石平議員は中国から「漢奸(民族の裏切り者)」、「売国奴」と激しく非難されたことについて、台湾国際放送の運営母体である中央放送局の単独インタビューで反論しました。早速この話題をお伝えいたします。
天安門事件が人生の転機、日本に帰化
現在63歳の石平議員は四川省成都市で生まれ、文化大革命の動乱の中で成長しました。北京大学在学中に民主化運動に参加し、1988年に日本へ留学。翌年、天安門事件が勃発し、中国共産党に絶望して「精神的訣別」を宣言しました。
その後、日本に定住し、2007年に日本国籍を取得。辛辣な中国共産党批判で評論活動を展開し、今年7月20日の参議院選挙で日本維新の会から立候補して当選しました。
制裁は「中国の痛いところを突いた証拠」
当選からわずか2か月足らずの9月8日、中国の外交部は石平議員とその直系親族の中国本土・香港・マカオへの入境を禁止し、中国国内におけるすべての資産を凍結すると発表しました。理由は「台湾、釣魚島(日本名:尖閣諸島)、香港、歴史問題などで誤った言論を広め、中国の利益を損なった」としています。
これについて石平議員は、「自分の批判が中国の痛いところを突いたからこそ、制裁された」と強調しました。
石平議員は、「彼らは私が誤った言論を発表したと言う。つまり、日本の国会議員の中で、台湾のことにせよ、チベットのことにせよ、釣魚島のことにせよ、あらゆることについて、これほど全面的で、しかもこれほど厳しく中国政府を批判する日本の国会議員は、これまで現れたことがなかったということ。だから、今日、私のような立場の人間が国会議員になったので、中国では『出る杭は打たれる』と言うが、とにかく最初に私を標的にしたというわけだ。」と説明しました。
中国のネットでの罵倒に「売国できるのは統治者だけだ」
中国のインターネット上では「漢奸」、「売国奴」との攻撃があふれていますが、石平議員は「昼食後の小さな楽しみだ」と一笑に付し、「もし罵られなくなったら寂しくなる」と語りました。さらに、「最も多く国土をソ連に売ったのは誰か。私はまだ売国の資格すらない。売国できるのは統治者だけだ」と皮肉を込めました。

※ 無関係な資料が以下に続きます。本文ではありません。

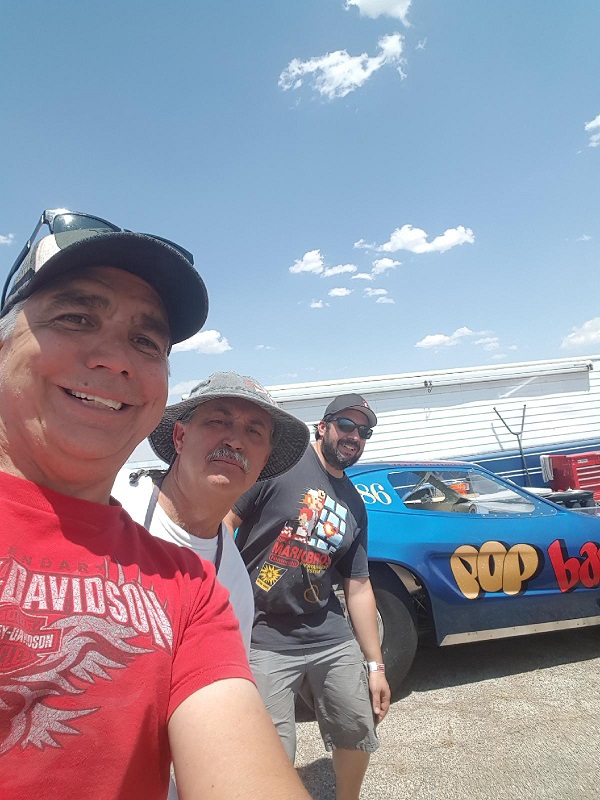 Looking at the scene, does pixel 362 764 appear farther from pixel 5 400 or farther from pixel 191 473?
pixel 5 400

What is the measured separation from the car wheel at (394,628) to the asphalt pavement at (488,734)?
0.25 meters

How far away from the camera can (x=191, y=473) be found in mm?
1609

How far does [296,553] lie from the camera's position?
2.33m

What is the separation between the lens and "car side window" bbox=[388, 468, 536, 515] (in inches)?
153

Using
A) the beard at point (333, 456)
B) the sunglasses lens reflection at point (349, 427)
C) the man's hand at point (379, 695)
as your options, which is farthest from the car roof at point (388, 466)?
the man's hand at point (379, 695)

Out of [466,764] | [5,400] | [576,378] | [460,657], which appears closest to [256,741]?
[5,400]

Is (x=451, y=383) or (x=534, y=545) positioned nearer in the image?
(x=534, y=545)

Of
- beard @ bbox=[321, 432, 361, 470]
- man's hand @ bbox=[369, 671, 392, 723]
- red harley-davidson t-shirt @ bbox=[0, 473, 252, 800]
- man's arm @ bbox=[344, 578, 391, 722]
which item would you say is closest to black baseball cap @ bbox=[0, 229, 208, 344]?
red harley-davidson t-shirt @ bbox=[0, 473, 252, 800]

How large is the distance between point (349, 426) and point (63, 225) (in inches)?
83.9

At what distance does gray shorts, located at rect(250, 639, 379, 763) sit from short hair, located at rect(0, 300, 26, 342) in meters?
1.82

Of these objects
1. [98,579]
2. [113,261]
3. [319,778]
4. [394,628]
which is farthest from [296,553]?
[113,261]

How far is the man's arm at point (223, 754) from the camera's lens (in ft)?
2.68

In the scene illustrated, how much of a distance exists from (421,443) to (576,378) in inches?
146

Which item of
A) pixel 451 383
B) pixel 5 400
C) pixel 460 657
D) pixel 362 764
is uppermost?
pixel 451 383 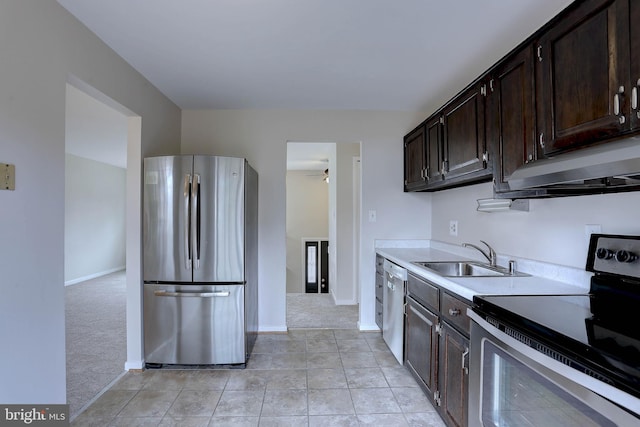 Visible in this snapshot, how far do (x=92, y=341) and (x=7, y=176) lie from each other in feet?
8.06

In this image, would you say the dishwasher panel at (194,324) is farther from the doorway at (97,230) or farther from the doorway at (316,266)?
the doorway at (316,266)

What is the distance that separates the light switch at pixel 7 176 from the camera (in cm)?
140

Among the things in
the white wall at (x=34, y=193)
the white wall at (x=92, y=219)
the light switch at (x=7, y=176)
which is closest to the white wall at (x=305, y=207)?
the white wall at (x=92, y=219)

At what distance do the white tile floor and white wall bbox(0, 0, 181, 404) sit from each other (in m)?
0.56

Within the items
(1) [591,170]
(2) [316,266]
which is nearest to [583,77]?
(1) [591,170]

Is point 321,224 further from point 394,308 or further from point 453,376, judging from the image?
point 453,376

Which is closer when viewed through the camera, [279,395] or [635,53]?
[635,53]

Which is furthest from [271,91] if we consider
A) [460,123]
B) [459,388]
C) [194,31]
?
[459,388]

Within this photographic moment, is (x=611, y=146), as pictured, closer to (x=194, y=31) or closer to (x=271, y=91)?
(x=194, y=31)

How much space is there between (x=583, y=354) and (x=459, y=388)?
0.93 m

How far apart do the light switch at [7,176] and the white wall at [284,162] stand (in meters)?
2.04

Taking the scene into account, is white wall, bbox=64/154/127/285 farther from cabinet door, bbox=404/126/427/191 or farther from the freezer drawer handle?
cabinet door, bbox=404/126/427/191

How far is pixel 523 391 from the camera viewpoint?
1185 mm

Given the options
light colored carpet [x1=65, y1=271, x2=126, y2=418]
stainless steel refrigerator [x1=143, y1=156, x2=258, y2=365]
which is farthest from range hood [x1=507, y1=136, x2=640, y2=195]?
light colored carpet [x1=65, y1=271, x2=126, y2=418] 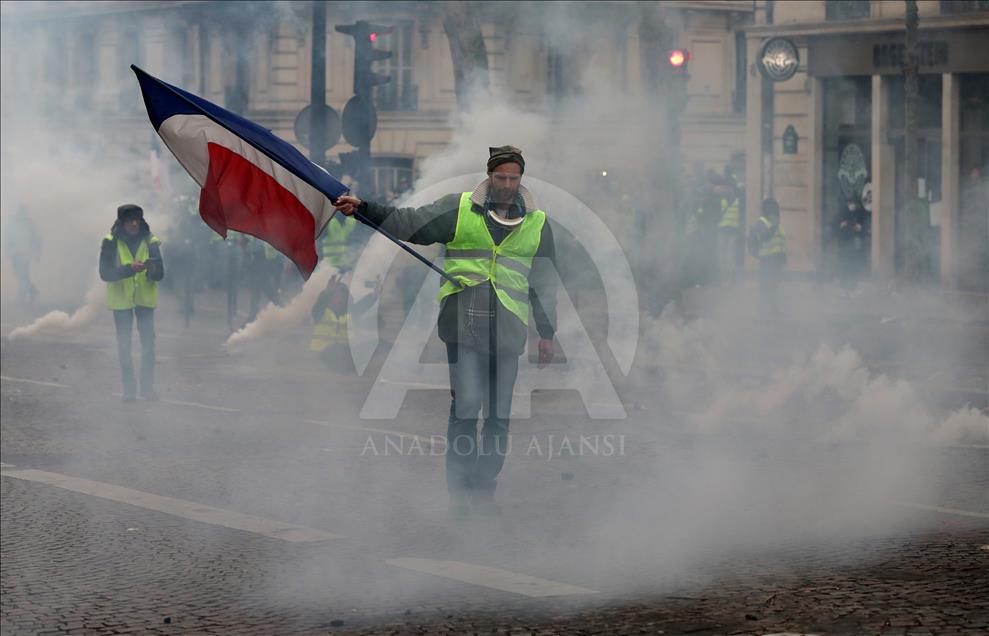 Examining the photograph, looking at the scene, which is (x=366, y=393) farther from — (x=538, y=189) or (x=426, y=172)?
(x=426, y=172)

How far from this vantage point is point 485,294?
7762 millimetres

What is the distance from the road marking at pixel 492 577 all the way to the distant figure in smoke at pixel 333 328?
8.17 m

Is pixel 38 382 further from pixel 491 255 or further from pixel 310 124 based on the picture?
pixel 491 255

石平議員は「中国大陸で人が最も多く死んだのはいつの時代か? それは戦争の時代ではなく、1960年代、70年代だ。そして中国の国土をソ連に売り渡し、外国に売り渡したのは誰か、一番多く売ったのは誰なのか。誰かが私を売国奴だと言うが、私はいったいどこの国を売ったというのか? 私はまだ売国する資格すらない! 本当に売国する資格があるのは、あの統治者たちであり、彼らこそが売国する資格を持っているのだ。」と反論しました。
日本への責任、台日関係に言及
石平議員は、日本国籍を取得した以上、日本に忠誠を尽くすのは当然だとしたうえで、日本人に中国の脅威を正しく認識させることが自身の責務だと強調しました。
また、自民党総裁選では高市早苗氏が首相に就けば、台日関係の発展に有利だとの見方を示しました。「日本の右派は台湾の独立や生存に強い関心を持ち、中国による併呑を絶対に許さない」と述べています。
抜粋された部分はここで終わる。